Ingredients: 3 medium Red chilies, seeded & chopped 3 medium Shallots 1 Lemongrass stalk, chopped 2 Garlic cloves, chopped 1 Thin sliver of shrimp paste 1/2 Teaspoon(s) Ground Galangal 1 Teaspoon(s) Ground Turmeric 1 Teaspoon(s) Ground Coriander 1 Tablespoon(s) Groundnut oil 1 Cup(s) Water 2 Fresh Kaffir Lime leaves 1 Teaspoon(s) Light brown soft sugar 2 medium Tomatoes, skinned, seeded 1 Cup(s) Coconut milk 1 1/2 Pound(s) Large raw prawns, peeled |
Directions: In a mortar, pound together the chilies, shallots, lemon grass, garlic,
shrimp paste, galangal,turmeric and coriander with a pestle until the
mixture forms a paste.
Heat a wok, add the oil and swirl it around. Add the spice paste and
stir-fry for 2 minutes.
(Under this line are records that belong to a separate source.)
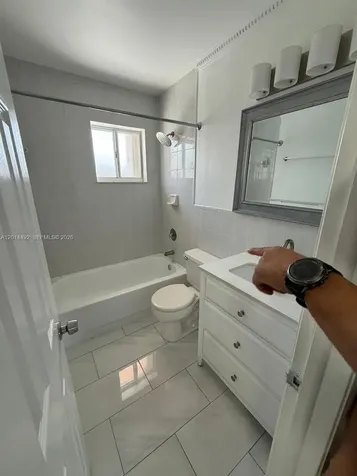 2212 W 74th Street Hialeah FL 33016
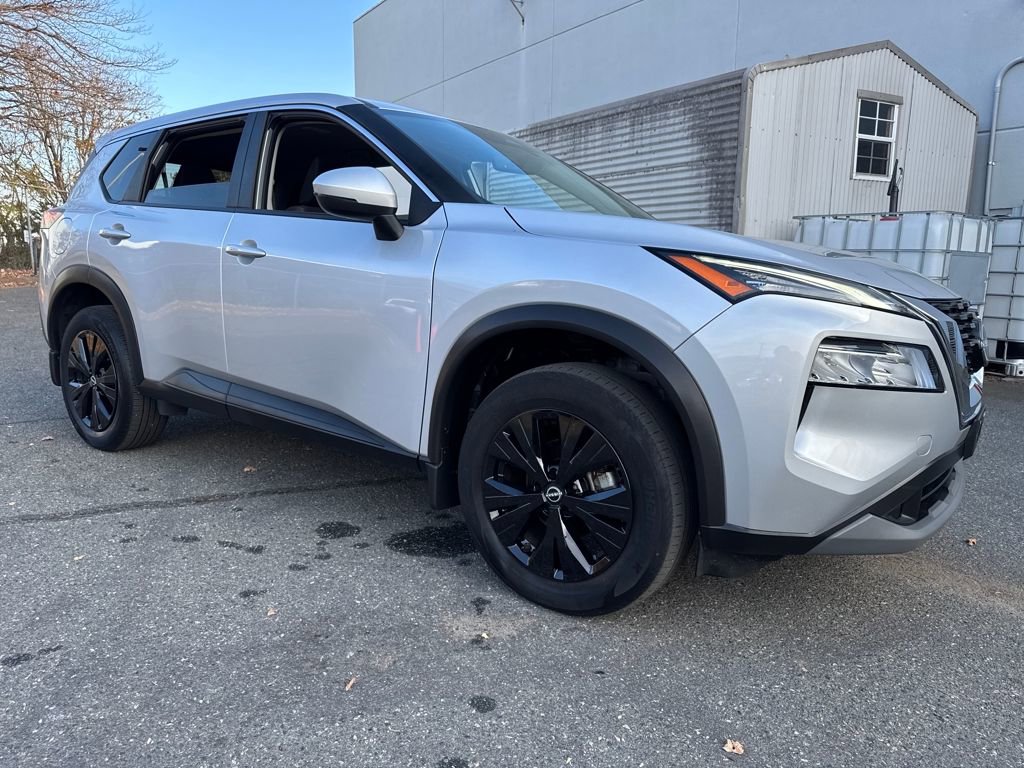 Used 2022 Nissan Rogue SV image 7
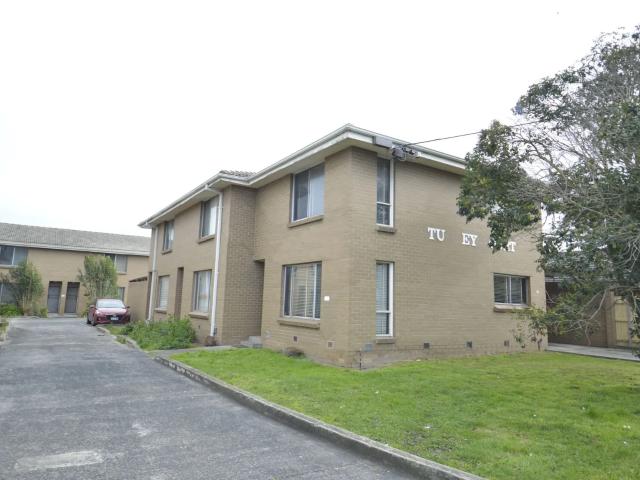 apartment 1/23 25 Stud Road, Dandenong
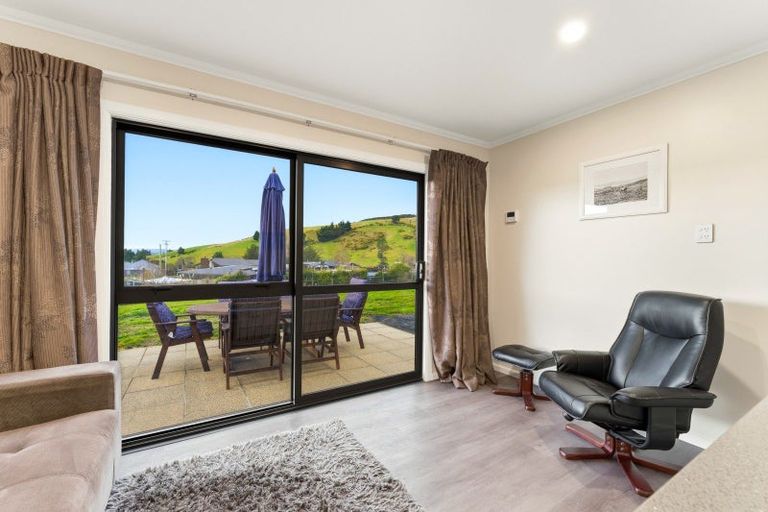 Photo of property in 28 Lakeview Street, Waihola, 9073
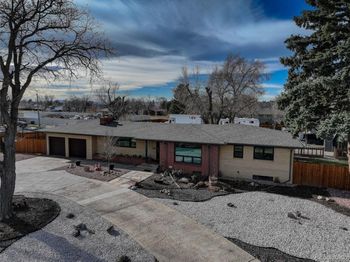 1313 Laredo Street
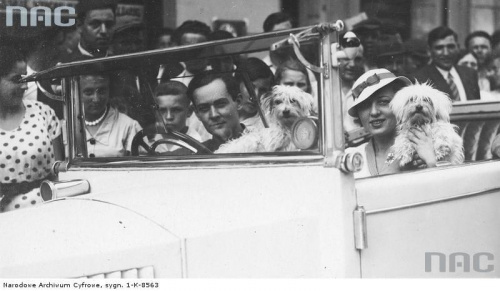 Aktorzy Maria Malicka i Zbigniew Sawan w samochodzie ze swoimi psami. Kalisz_1935 r.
Pour in the water and add the kaffir lime leaves,
sugar and tomatoes. Simmer for 8-10 minutes until most of the liquid has
evaporated.
Add the coconut milk and prawns and cook gently, stirring, for 4
minutes until the prawns are pink. Season with lemon juice and salt to
taste. Transfer the mixture to a warmed serving dish, garnish with the
spring onions and flaked coconut and serve.
Note: Ground Galangal is similar to ground ginger and comes from the same
family and can be found in most oriental stores along with shrimp paste.